Jan 17: U.S. EPA Region 5 has announced that comments it has received on its objections to a draft wastewater treatment permit for U.S. Steel Gary Works, in addition to a transcript of a December 11 public hearing on the issue [See WIMS 11/24/07], are available on its website. Copies will also be available at EPA's regional office in Chicago and the Gary Public Library, 220 W. 5th Street. EPA said it received more than 300 comments by the close of the comment period December 28, 2007. The Agency is currently evaluating the comments, will prepare responses to them and make sure that the Indiana Department of Environmental Management is informed of any significant issues raised.

Access an EPA announcement (click here). Access the comments and related information on the draft permit (click here). Access extensive information from IDEM on the permit (click here).

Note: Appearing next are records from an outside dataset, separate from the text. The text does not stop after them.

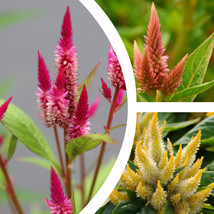 150 Flamingo Feather Celosia Spicata Seeds / Wheat Flower Mixed Colors O... - $3.71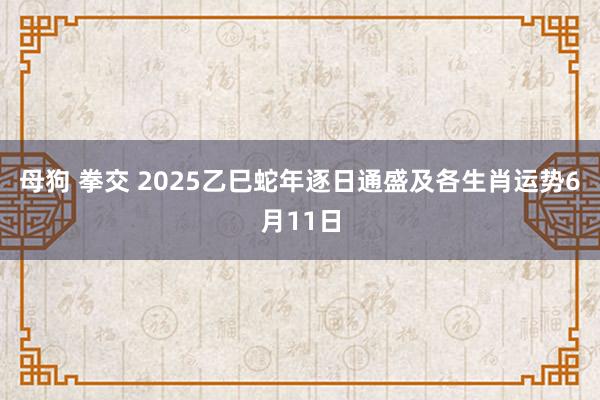 母狗 拳交 2025乙巳蛇年逐日通盛及各生肖运势6月11日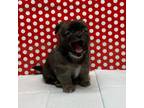Tiny Toy Black Longhair Puppy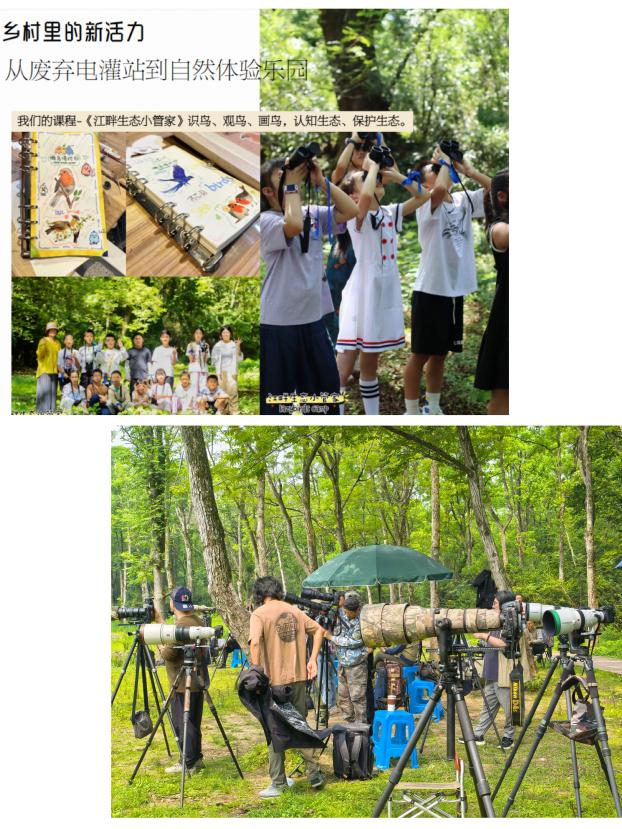 8000萬(wàn)熱度炸屏！屯溪“護(hù)村小祖宗”聯(lián)動(dòng)短劇頂級(jí)頭部平臺(tái)帶火綬帶鳥，短劇+文旅解鎖鄉(xiāng)村振興新密碼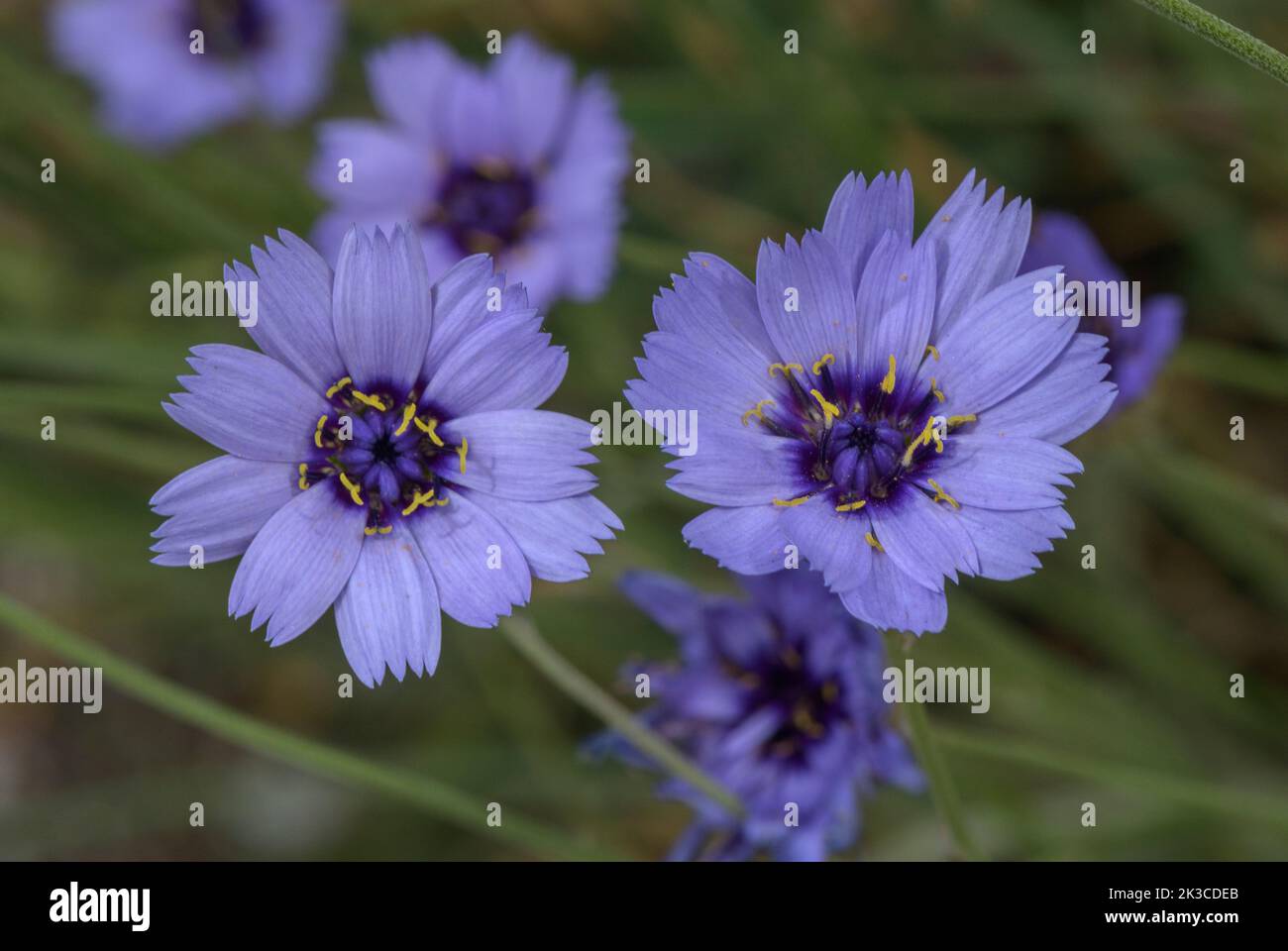 Blauer Cupidone, Catananche caerulea, blühend; weit verbreitet in getrockneten Blumenarrangements. Spanien. Stockfoto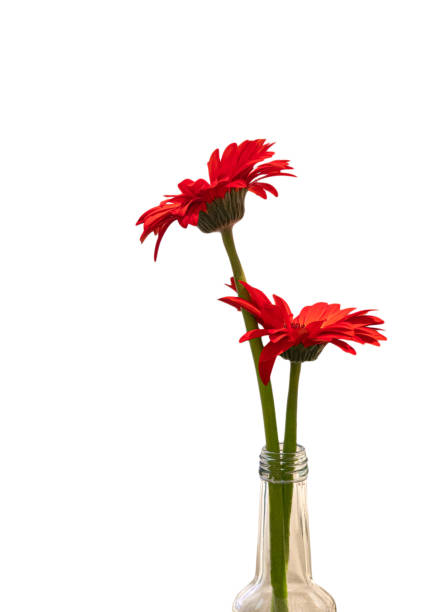 istock Red gerbera daisy flower in a glass bottle , Isolated on white background 1187746570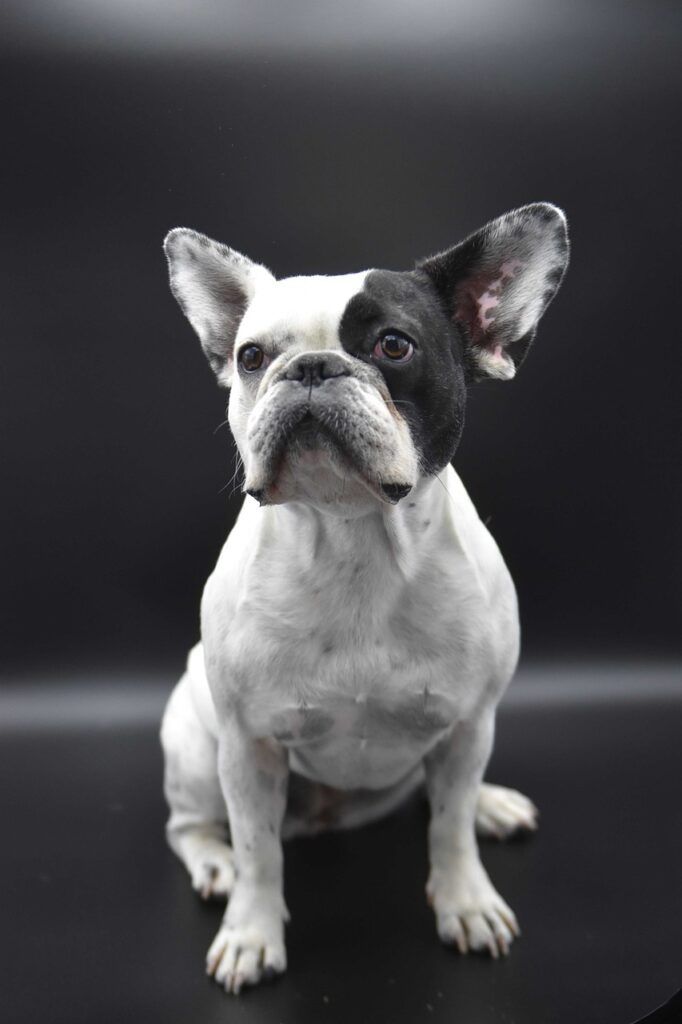french bulldog, dog, pet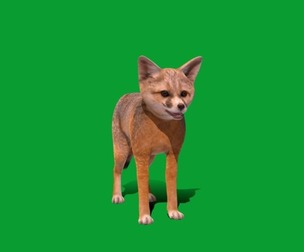 Kit Fox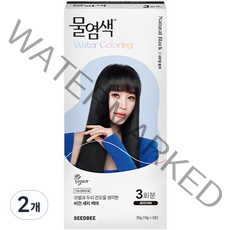 씨드비 물염색 새치 염모제 30g, 내추럴 블랙, 2개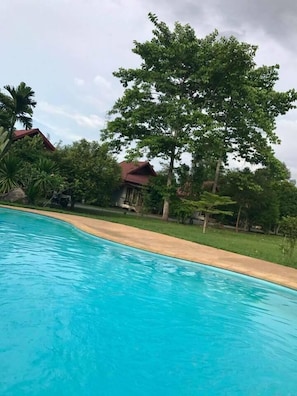 A swimming pool with a clear blue water surface, surrounded by a grassy area and trees.
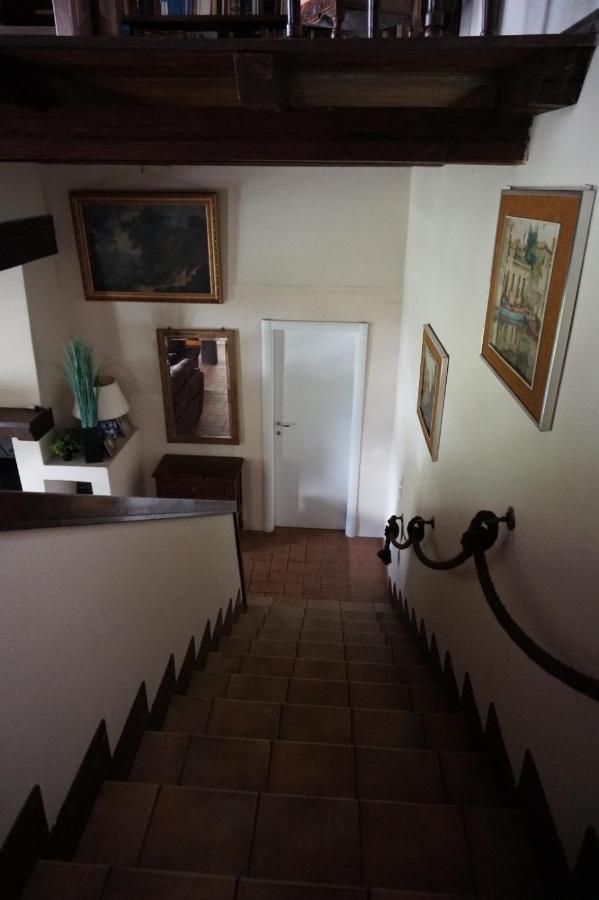 Golden Hill - Big Rooms With Kitchen And Garden Collina d'Oro Extérieur photo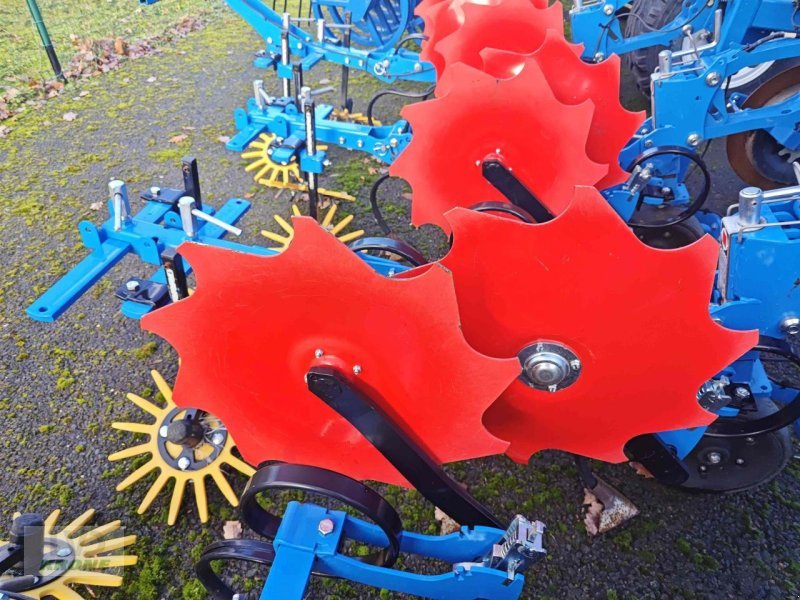 Striegeltechnik & Hacktechnik типа Carré Econet SGI 8 Reihen, Gebrauchtmaschine в Spelle (Фотография 12)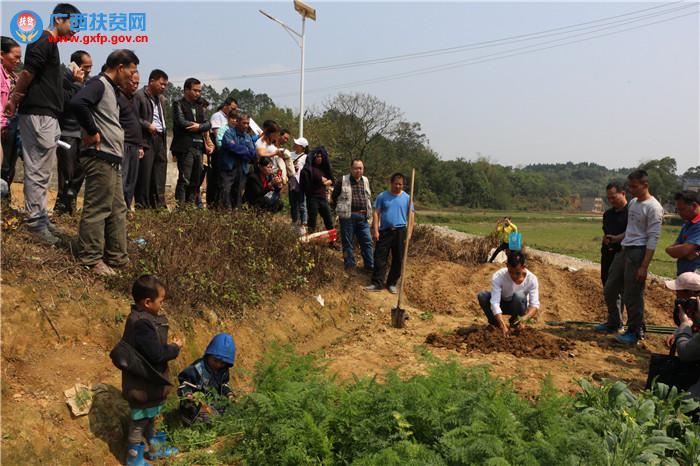 灵山县发展和改革局最新项目概览概览及进展动态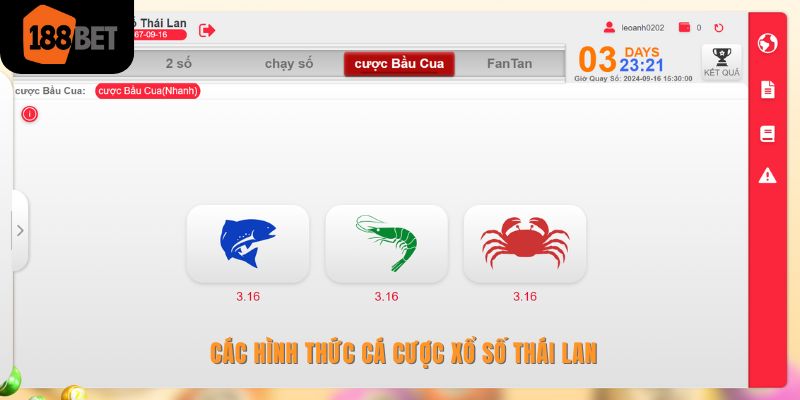 Xổ số Thái Lan 188bet và toàn bộ thông tin chi tiết nhất 2 5 hình thức cá cược theo xổ số Thái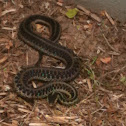 Eastern garter snake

U.S. & Canada Harmonize Ballast Water Regs

Jan 16: The St. Lawrence Seaway Management Corporation (SLSMC) announced a further strengthening of ballast water management practices for the 2008 season. The regulatory initiative regarding ballast water management rules by its U.S. partner, the Saint Lawrence Seaway Development Corporation (SLSDC), will result in all ocean vessels being subjected to a consistent and rigorous inspection process in Montreal, before they enter the Seaway / Great Lakes. Since 2006, all ocean vessels bound for a Canadian port have been subjected to ballast water inspections, to ensure that water within the ballast tanks adheres to a minimum level of salinity of 30 parts per thousand. With the harmonization of U.S. and Canadian standards, all vessels entering the Seaway, irrespective of their destination, will be subjected to the same inspection process.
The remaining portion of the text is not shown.